Für manche, auch für manche Medien, schien der wichtigste Fortschritt des Koalitionsausschusses darin zu bestehen, dass Merz und Bas nun Friedrich und Bärbel zueinander sagen. Schön! Doch keiner weiß besser als Markus Söder, dass man auch mit Duzfreunden wie dem Horst (Seehofer), der Ilse (Aigner) oder dem Manfred (Weber) im Dauerclinch liegen kann. Insofern sollte man auf diese Oberflächlichkeiten nicht allzu viel geben. Im Gegenteil: Es verwundert schon sehr, dass Union und SPD nach endlosem Ampel-Gezeter erst jetzt zur Erkenntnis gelangen, mehr miteinander statt übereinander zu reden. Das Land ist den politischen Zickenkrieg wirklich leid. 75 Prozent hadern schon mit der neuen Regierung. Hier schrillt eine Alarmglocke für die Landtagswahlen 2026. Die 39-Prozent-Umfrage für die AfD in Sachsen-Anhalt kommt nicht von ungefähr!

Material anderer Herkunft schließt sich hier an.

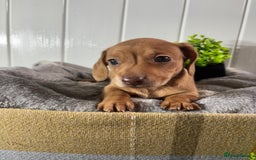 Miniature Dachshund dogs for sale: Beautiful Dachshunds puppies  - Image 11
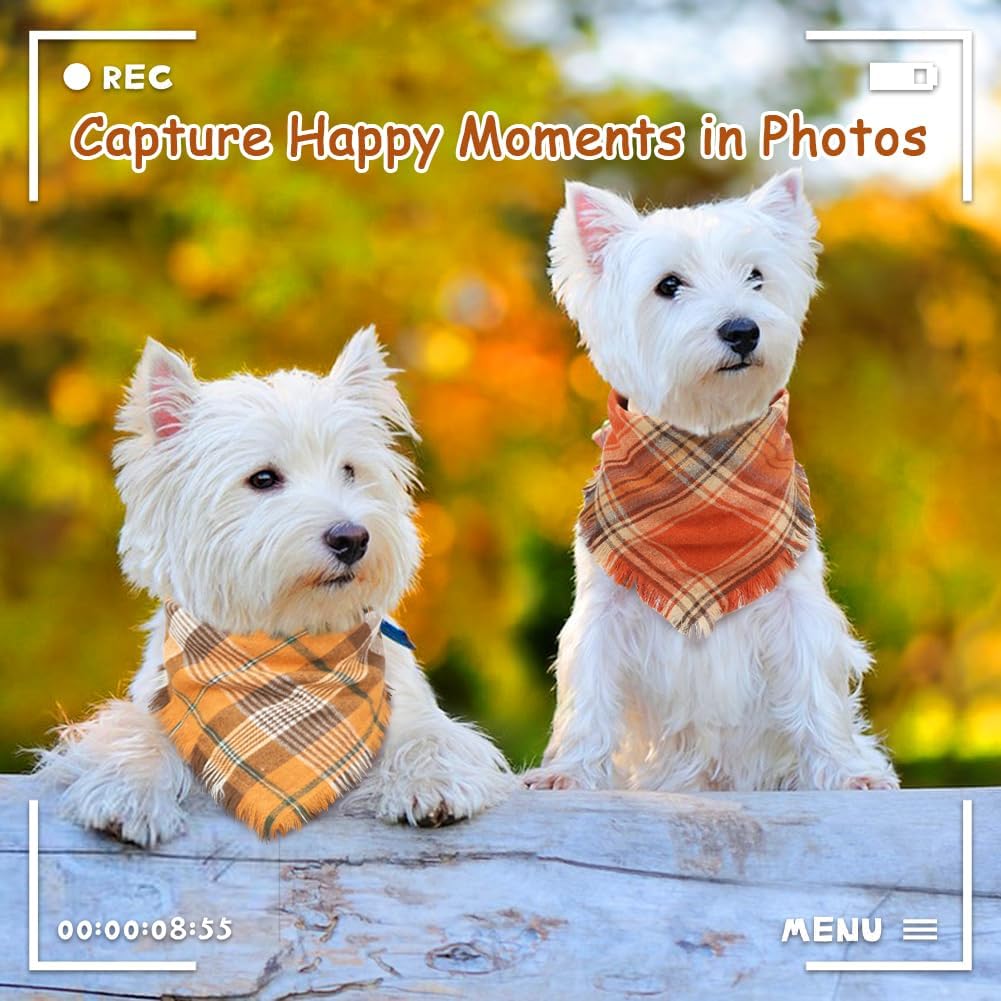 Vivifying Halloween Dog Bandana, 2 Pack Classic Plaid Fall Dog Scarf with Tassels Edges, Funny Pet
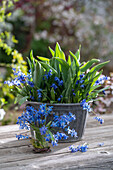 Blaustern (Scilla) in Vase und austreibende Tulpen im Topf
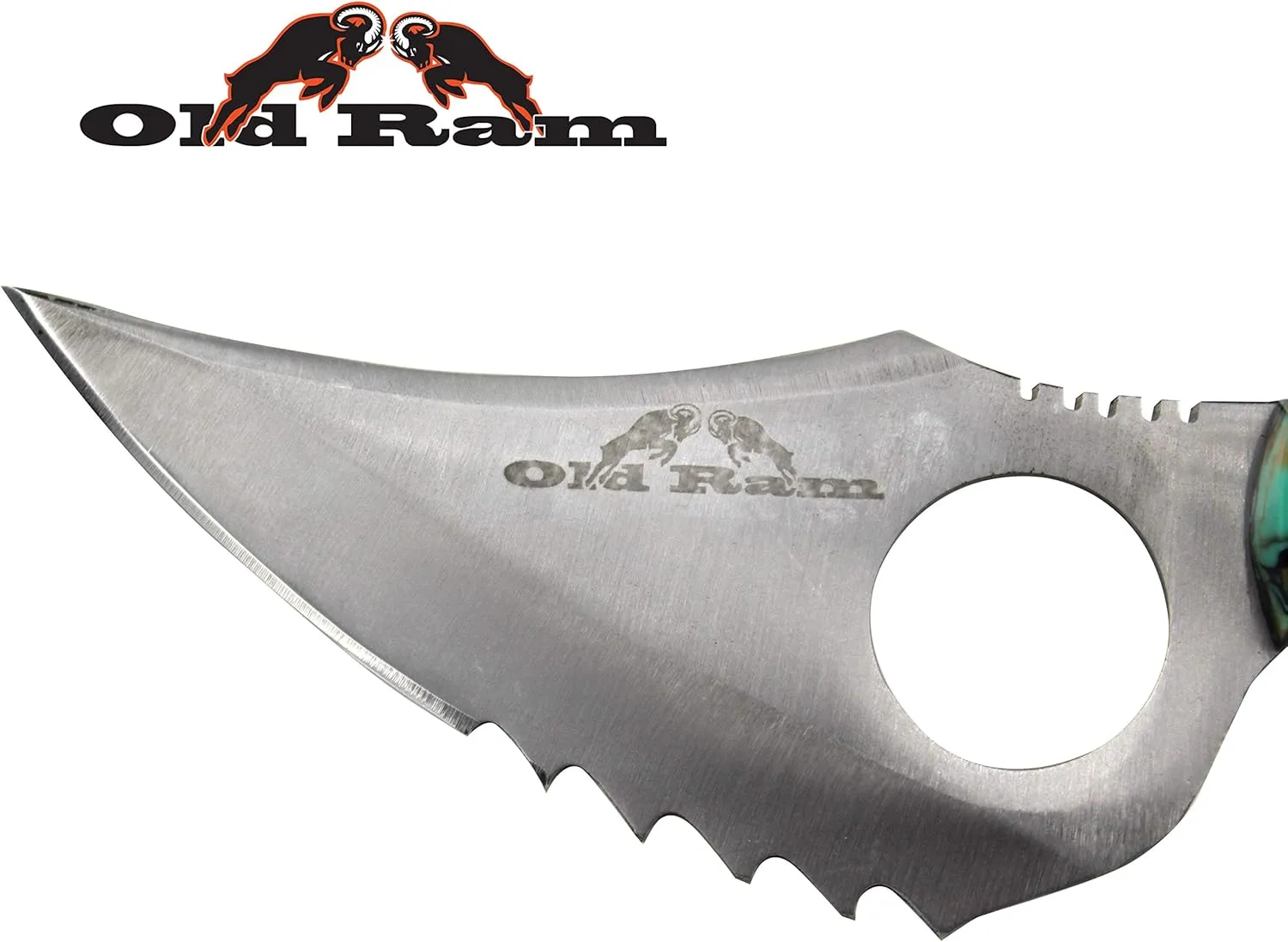 Collection Heavy Duty Sharp Multi-Color Fixed Blade Saw Back Skinner Knife w/Sheath
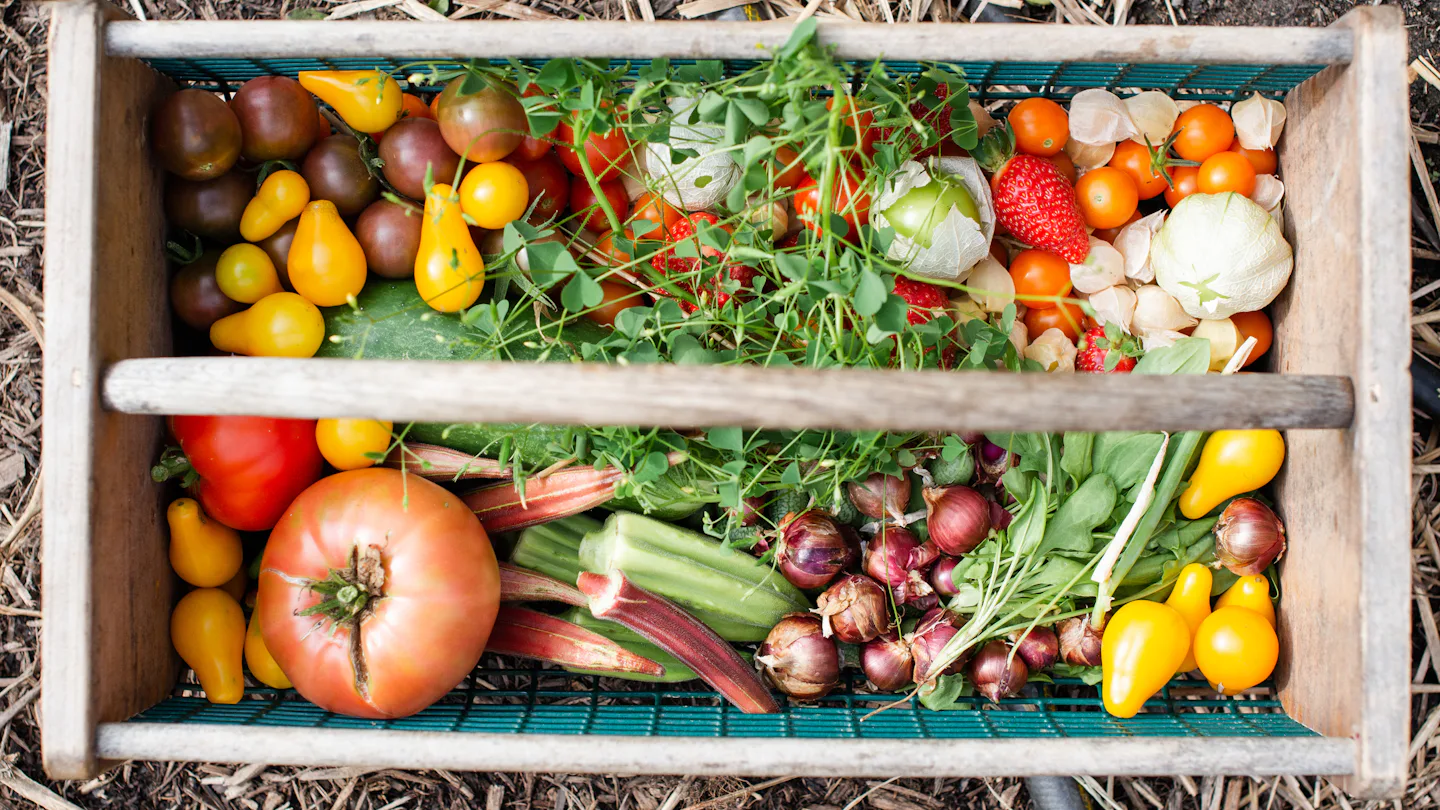 Récolte de tomates et de légumes d'été dans une cagette en bois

Die Regierung muss raus aus den Befindlichkeiten und rein in die Entscheidungen. Bislang sind alle Pakete und Booster eher verpufft. Die Wirtschaft kriselt, drei Millionen Arbeitslose in Zeiten des Fachkräftemangels sind Ausdruck struktureller Probleme. Richtigerweise blickt die Regierung mit Auto- und Stahlgipfeln auf die großen Branchen. Doch zur Wahrheit gehört: Hier geht es um Krisenbewältigung der alten Giganten, für die Zukunft müsste es andere Ansätze geben: Wo bleibt die KI-Offensive und die freie Bahn für Start-ups? Was ist mit der Erwachsenen-Bildung für die sich rasant wandelnde Arbeitswelt? Ein ganz wichtiger Wirtschaftsfaktor werden die Rüstungsaufträge sein, die der Staat hoffentlich nach Deutschland vergibt.

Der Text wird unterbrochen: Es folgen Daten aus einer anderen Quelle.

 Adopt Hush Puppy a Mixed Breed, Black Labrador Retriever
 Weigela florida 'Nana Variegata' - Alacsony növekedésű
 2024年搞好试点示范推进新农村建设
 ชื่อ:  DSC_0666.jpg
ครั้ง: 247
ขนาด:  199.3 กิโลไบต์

Die heikelsten Fragen aber wurden bislang nur hinter verschlossenen Türen diskutiert. Klar, im Bürgergeld liegt viel Symbolkraft, aber auch ein Einsparpotenzial von fünf Milliarden wird den Haushalt nicht sanieren. Die Kostentreiber, die den Staat zunehmend lähmen, sind Rente, Pflege und die Krankenversicherung. Und niemand sollte glauben, dass ein bisschen Digitalisierung hier die Probleme löst. Nein, Reformen meinen oft Einschnitte: weniger Leistungen für Versicherte, weniger Pfründe für Leistungserbringer und womöglich längeres Arbeiten für alle. Die Betroffenen werden schimpfen, die Lobbygruppen lärmen. Reformen ja, aber doch nicht bei mir! Man muss bezweifeln, dass die neue Harmonie der Regierung stark genug sein wird, solche Widerstände auszuhalten.